Introduction

With the rapid development of remote sensing technology, remote sensing image processing plays a crucial role in various fields. Regarding the development of the national economy and owing to the sharp increase in commercial land resources and the rapid decrease in cultivated land resources, dynamic monitoring of land use is particularly important. For anti-terrorism, because most terrorist camps are located on plateaus, the traditional patrol methods are slow and inefficient. Therefore, designing an automatic method is challenging.

Over the last few decades, research towards the automatic detection of SBAs from optical remote sensing images has gained significant attention, and the main methods are summarized as follows:

The most common SBAs detection method is based on line segment detection. von Gioi et al. (2010) proposed a line segment method that combines the gradient information between pixels to form line segment. A line segment extraction method, proposed by Burns et al. (1986), divides the pixels with the same gradient direction into the same linear support region and then uses the correlation structures to determine the location and properties of the edge. However, in RSIs there are many line segments, and the combinations of these segments are complex and variable; hence, the detection performance of the above methods is low. Moreover, this kind of method has difficulty distinguishing the excessive interference produced by vegetation regions, and it will greatly increase the false alarm rate. In addition, because a certain SBA is composed of several monomer buildings, and the monomer buildings are usually distributed targets, the ordinary line segment detection method cannot adequately describe the topological structures, which easily leads to miss targets.
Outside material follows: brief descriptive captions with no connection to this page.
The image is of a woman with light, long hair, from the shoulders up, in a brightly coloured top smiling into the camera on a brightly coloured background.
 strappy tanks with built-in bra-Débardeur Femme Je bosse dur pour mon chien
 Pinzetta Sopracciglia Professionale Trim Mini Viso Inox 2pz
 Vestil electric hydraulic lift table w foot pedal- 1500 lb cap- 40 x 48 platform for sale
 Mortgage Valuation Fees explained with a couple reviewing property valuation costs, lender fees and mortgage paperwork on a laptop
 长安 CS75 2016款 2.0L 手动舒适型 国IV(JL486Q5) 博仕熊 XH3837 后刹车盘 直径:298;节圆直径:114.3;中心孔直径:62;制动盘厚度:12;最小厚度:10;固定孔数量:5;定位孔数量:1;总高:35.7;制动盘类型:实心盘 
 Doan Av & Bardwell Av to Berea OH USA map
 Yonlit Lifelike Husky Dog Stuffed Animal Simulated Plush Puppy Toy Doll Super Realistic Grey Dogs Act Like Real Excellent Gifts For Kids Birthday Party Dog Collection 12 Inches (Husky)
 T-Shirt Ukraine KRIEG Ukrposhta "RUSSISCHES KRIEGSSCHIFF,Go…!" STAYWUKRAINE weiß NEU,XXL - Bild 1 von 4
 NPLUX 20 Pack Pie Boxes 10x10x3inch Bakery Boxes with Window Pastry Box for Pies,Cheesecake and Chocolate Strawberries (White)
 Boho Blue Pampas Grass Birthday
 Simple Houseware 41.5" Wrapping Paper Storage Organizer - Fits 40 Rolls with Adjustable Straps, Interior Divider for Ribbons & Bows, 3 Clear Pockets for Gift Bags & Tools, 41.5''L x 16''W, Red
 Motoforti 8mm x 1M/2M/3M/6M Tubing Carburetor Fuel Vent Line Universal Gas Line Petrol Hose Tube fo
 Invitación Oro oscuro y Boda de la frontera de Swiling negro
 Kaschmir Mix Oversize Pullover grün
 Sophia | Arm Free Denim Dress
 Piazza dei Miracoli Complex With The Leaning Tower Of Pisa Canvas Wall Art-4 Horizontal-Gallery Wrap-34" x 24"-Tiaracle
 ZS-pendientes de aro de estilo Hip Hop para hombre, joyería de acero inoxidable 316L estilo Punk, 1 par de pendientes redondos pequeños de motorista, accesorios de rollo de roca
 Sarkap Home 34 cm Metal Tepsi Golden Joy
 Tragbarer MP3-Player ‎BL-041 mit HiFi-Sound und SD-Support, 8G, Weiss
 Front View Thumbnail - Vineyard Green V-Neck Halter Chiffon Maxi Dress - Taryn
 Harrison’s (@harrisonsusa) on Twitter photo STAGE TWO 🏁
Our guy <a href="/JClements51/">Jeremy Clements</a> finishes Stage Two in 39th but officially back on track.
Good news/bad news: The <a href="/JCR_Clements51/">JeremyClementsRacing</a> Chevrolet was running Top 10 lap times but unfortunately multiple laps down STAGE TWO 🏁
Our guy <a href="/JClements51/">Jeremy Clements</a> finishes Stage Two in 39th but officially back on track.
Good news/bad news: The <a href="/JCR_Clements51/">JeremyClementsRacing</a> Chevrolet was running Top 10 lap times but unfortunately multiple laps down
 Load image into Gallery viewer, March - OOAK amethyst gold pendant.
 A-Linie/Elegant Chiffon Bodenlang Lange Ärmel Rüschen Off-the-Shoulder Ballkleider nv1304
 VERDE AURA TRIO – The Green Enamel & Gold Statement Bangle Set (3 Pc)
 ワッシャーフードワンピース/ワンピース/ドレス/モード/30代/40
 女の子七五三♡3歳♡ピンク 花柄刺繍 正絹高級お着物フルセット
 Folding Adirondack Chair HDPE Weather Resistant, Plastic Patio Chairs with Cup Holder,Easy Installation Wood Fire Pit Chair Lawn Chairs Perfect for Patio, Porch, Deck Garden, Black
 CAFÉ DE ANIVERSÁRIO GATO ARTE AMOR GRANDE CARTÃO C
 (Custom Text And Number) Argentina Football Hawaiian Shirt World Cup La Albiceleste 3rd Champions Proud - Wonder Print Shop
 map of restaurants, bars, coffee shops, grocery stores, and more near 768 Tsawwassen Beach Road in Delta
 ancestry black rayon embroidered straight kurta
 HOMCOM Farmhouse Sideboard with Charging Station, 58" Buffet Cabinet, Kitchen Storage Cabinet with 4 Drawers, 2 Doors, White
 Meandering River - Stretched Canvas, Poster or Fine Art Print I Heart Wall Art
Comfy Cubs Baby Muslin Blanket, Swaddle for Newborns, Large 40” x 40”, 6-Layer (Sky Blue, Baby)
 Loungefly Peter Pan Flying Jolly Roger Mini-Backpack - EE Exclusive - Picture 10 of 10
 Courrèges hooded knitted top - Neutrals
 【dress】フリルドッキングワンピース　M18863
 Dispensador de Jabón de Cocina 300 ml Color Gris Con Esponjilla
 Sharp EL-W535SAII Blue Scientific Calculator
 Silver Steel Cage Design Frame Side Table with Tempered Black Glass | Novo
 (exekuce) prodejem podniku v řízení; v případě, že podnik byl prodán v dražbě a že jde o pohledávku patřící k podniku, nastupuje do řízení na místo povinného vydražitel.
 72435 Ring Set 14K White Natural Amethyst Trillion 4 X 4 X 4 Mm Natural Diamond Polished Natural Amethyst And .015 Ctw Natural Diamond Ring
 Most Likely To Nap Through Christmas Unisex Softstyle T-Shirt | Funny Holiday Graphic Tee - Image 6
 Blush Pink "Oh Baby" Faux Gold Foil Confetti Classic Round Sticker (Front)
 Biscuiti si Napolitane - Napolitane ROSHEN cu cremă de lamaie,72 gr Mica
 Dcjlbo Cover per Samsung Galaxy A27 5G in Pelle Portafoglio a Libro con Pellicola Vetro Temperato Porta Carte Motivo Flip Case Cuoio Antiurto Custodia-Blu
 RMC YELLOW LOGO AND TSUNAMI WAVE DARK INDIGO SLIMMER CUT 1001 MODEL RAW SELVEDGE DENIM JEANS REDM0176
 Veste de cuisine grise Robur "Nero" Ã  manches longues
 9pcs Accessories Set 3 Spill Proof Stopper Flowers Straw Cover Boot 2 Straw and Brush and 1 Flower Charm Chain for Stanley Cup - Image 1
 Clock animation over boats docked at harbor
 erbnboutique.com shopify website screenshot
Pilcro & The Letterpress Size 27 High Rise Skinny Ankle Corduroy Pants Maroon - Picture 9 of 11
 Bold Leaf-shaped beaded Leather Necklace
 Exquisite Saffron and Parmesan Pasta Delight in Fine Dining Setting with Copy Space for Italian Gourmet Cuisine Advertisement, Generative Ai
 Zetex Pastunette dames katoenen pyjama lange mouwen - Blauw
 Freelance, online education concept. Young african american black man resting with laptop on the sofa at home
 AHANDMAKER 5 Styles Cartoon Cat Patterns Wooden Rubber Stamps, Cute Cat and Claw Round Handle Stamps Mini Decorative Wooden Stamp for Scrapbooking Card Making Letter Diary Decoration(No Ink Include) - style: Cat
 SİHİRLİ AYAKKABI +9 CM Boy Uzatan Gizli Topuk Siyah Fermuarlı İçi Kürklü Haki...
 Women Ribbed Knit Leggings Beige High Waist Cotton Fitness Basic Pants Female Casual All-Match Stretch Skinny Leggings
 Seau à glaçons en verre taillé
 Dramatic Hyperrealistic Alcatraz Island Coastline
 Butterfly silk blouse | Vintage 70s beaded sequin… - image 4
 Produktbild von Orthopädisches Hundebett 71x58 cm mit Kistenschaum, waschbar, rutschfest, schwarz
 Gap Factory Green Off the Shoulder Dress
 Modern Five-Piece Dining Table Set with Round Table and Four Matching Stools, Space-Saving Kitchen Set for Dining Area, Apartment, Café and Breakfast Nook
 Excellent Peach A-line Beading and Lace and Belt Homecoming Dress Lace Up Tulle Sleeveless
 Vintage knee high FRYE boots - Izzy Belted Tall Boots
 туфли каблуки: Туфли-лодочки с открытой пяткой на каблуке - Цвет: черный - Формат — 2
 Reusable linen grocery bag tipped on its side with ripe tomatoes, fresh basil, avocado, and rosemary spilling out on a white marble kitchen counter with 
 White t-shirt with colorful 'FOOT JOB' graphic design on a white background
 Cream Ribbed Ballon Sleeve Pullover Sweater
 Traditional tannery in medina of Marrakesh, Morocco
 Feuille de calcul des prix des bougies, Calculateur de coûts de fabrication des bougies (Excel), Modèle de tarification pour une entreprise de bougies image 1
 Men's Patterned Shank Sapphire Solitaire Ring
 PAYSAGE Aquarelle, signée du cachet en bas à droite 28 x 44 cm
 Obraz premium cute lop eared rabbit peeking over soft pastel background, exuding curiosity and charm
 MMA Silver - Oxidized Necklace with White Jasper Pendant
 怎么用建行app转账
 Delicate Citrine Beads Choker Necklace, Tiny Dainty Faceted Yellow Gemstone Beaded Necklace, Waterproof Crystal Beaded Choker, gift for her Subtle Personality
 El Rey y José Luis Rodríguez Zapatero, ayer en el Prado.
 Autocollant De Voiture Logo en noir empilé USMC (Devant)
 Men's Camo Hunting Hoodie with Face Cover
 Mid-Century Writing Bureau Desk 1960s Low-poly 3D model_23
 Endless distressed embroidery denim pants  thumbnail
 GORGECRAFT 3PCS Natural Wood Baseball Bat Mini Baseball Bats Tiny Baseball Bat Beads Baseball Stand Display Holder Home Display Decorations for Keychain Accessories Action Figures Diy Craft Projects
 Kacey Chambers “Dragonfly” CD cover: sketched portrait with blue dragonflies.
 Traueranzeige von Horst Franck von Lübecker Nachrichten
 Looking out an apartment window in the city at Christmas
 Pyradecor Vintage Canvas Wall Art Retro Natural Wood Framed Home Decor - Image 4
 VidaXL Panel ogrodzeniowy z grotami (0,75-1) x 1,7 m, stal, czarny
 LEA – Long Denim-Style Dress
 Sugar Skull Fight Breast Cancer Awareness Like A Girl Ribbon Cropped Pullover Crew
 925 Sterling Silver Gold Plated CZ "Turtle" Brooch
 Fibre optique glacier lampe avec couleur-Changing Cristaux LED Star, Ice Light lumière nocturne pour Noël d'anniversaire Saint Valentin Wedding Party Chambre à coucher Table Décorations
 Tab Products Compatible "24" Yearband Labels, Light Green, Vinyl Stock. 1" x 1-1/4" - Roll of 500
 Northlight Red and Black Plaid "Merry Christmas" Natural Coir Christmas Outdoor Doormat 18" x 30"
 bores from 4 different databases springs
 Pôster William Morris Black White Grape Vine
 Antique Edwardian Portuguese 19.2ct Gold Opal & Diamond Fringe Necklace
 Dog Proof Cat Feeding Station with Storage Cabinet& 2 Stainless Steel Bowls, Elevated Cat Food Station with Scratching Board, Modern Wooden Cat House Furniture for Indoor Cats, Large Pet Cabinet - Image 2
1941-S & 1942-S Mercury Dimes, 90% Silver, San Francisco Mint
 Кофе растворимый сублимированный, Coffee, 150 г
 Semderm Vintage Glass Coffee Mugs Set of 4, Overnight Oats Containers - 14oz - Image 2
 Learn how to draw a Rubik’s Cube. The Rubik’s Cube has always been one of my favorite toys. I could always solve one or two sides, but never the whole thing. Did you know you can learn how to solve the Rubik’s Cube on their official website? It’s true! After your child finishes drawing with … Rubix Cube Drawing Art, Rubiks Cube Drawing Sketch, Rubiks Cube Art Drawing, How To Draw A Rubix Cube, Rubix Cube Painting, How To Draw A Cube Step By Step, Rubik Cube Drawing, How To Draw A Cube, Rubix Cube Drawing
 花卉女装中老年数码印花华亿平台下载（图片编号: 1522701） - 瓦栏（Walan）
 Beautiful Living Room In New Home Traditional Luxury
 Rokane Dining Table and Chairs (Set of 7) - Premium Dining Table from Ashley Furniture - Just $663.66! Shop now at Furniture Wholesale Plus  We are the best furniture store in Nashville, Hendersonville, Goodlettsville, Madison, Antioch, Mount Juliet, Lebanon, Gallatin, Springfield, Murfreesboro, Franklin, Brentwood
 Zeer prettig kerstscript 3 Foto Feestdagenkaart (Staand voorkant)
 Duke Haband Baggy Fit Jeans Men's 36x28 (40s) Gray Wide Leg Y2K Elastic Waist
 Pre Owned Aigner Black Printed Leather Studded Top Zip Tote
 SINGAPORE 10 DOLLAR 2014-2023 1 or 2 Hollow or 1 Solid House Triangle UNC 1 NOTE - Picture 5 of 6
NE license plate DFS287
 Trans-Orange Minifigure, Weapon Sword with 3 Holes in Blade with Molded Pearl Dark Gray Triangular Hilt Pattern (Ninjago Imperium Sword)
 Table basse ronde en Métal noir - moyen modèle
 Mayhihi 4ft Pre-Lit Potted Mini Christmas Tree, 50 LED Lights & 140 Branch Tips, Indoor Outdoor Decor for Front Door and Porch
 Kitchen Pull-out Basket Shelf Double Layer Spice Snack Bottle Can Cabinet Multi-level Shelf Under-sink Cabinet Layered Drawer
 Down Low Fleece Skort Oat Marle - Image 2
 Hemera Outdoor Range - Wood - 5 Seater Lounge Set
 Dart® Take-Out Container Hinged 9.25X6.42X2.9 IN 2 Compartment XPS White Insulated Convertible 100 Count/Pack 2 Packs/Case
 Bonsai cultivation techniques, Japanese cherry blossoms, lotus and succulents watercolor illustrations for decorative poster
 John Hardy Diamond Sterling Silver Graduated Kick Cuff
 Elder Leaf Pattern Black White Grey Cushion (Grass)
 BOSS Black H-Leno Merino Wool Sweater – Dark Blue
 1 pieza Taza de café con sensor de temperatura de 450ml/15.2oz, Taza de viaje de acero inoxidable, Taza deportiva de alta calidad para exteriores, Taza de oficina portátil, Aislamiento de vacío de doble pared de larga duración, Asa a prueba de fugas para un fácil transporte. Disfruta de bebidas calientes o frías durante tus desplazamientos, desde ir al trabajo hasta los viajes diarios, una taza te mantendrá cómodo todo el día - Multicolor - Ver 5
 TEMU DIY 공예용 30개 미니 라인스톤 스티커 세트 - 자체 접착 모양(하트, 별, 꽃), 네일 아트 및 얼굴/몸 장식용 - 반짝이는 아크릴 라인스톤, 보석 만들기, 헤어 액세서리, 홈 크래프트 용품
Research on local descriptor-based matching methods is also deeply needed. An airport detection method using clustered SIFT key points and region information to detect airports from large IKONOS images, was proposed by Tao et al. (2011), this method uses a series of SIFT key points to describe an airport, and an improved SIFT matching strategy is used to detect airports. However, it considers only the local structural information of buildings and does not consider whole structures. This method is also time consuming because it needs to scan the whole input image to obtain the key points. Moreover, when SBAs are not large targets, unlike airports, a large number of false alarms will be generated when it is applied to objects that are similar to the local features of the target. Recently, we have also used related technologies for designated building area, but it is very time consuming and can easily attain many false alarms.

Recently, a method based on the strict spatial topology in RSI building detection has been developed. Chaabouni-Chouayakh and Datcu (2010) proposed a ‘coarse-to-fine’ building detection method, which divides the scene into the same characteristic region and then trains the structure extractor to complete building detection. However, the limitation of this method is that it can detect only building area patterns in the strict spatial topology. Sirmacek and Unsalan (2010) used local features and spatial voting to detect buildings, extracted features such as edges and key points from different angles, and then vote on the candidate areas to determine the location of buildings. However, the above two methods are strictly constrained by the azimuth topological relationship of SBAs, and the detection results are affected by the density and arrangement of the buildings. Because each detection method applies a special topology, it is not resistant to intra-class changes, and it cannot adapt to multi-topologically distributed targets, which will ultimately affect the detection efficiency.

Currently, deep learning models have been widely applied to object detection (Girshick et al. 2014). However, these methods need to scan and identify each local area in the whole image with high computational costs, and the building area belongs to the distributed target without specific appearance characteristics, which is not suitable for detection by deep learning-based methods. In addition, this kind of methods requires a very large training sample. Although the deep learning method is not suitable for distributed targets detection in large-scale suburban remote sensing images, we might can use deep learning networks to segment remote sensing images to quickly obtain the building potential area, and it can greatly reduce the amount of computation and improve the detection efficiency.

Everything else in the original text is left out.